Assistant API - Run won't cancel, keeps billing usage

Below are two screenshots 1 minute apart - in that time I’ve used 50c of GPT4-Turbo, but this is due to a thread stuck after requesting it’s cancelled (thread_Wpd3llJKfEbno4lNuZ4vDVd3)

Here is the following JSON to confirm the request was cancelled, but has not been picked up in the UI or billing it seems - it just kept spinning for several minutes and continues to bill

      "id": "run_gITrJ0bqR6mfNWR14Xq0AuyQ",
      "object": "",
      "created_at": 1699308938,
      "assistant_id": "asst_aoQqfTDFAKdxPCDciylDjnh9",
      "thread_id": "thread_Wpd3llJKfEbno4lNuZ4vDVd3",
      "status": "cancelled",
      "started_at": 1699308938,
      "expires_at": null,
      "cancelled_at": 1699309538,
      "failed_at": null,
      "completed_at": null,
      "last_error": null,
      "model": "gpt-4-1106-preview",
      "instructions": "<prompt>",
      "tools": [
          "type": "retrieval"
      "file_ids": [
      "metadata": {}


1 minute later:

Based on the “new pricing” and the fact I don’t have anything running now and still didn’t get the answer from the assistant, this doesn’t seem right…

the same here, I hope openai returns the money and explains the assistant charge better

1 Like

It is likely that it got stuck iterating trying to call a function in an alternating loop of code failures, - or you just gave it a huge document to be set loose on.

With no specifying “max_tokens”, and their own conversation management possibly filling the context or omitting failed iterations, it seems like it could be “I put my API key into autoGPT or langchain and it emptied my account” forum scenarios all over again.

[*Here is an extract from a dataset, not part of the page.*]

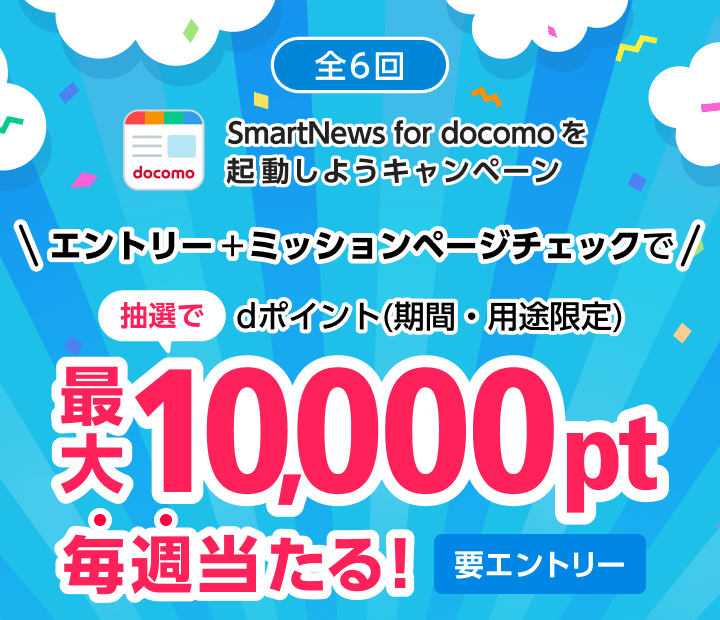 全6回 SmartNews for docomoを起動しようキャンペーン　エントリー＋ミッションページチェックで抽選でdポイント（期間・用途限定）最大10,000pt毎週当たる！（要エントリー）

You can possibly go in and edit the assistant and any code calling and that might make it stop - if not just a big “delete”.

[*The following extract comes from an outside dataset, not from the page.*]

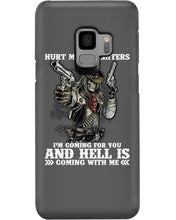 Load image into Gallery viewer, I'm Coming For You And Hell Is Coming With Me Phone case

Also set the hard limit of your account to 0 and that should stop the billing.

Would be interesting to see the by the minute requests usage report…

– edit, the daily view and individual in-browser hourly queries are gone. The only thing you can see is a daily bar graph by model and hover to see the daily tokens. One must do a monthly export, and the export is terrible, also only showing the daily total of the model for the entire period.

The default view and also activity view hides models. One must select the models to be seen in a drop-down.

But I believe that’s not the issue; the first time I used it, it returned successfully. However, subsequently, with the same assistant and the same files, it only returned an error, five times. The problem is that it’s not working, and yet it’s still charging.

If you didn’t get an API response, and you go to the usage daily view and by the five-minute view you still see calls and tokens, somethings still going because it hasn’t hit an iterate limit not in your code or prompt, or can’t see how many times its gone. Maybe an API error of “hard limit, check your plan” would make it give up.

– edit - there’s no more minute or hour view WTF. There’s just daily token reports and nothing with more resolution.

Luckily I keep my API soft and hard limits low to avoid a runaway like this, but the first few documents were at most 4mb PDFs or less and with a simple query.

With this the thread would just keep running until I cancelled it, and these ran up the first few dollars.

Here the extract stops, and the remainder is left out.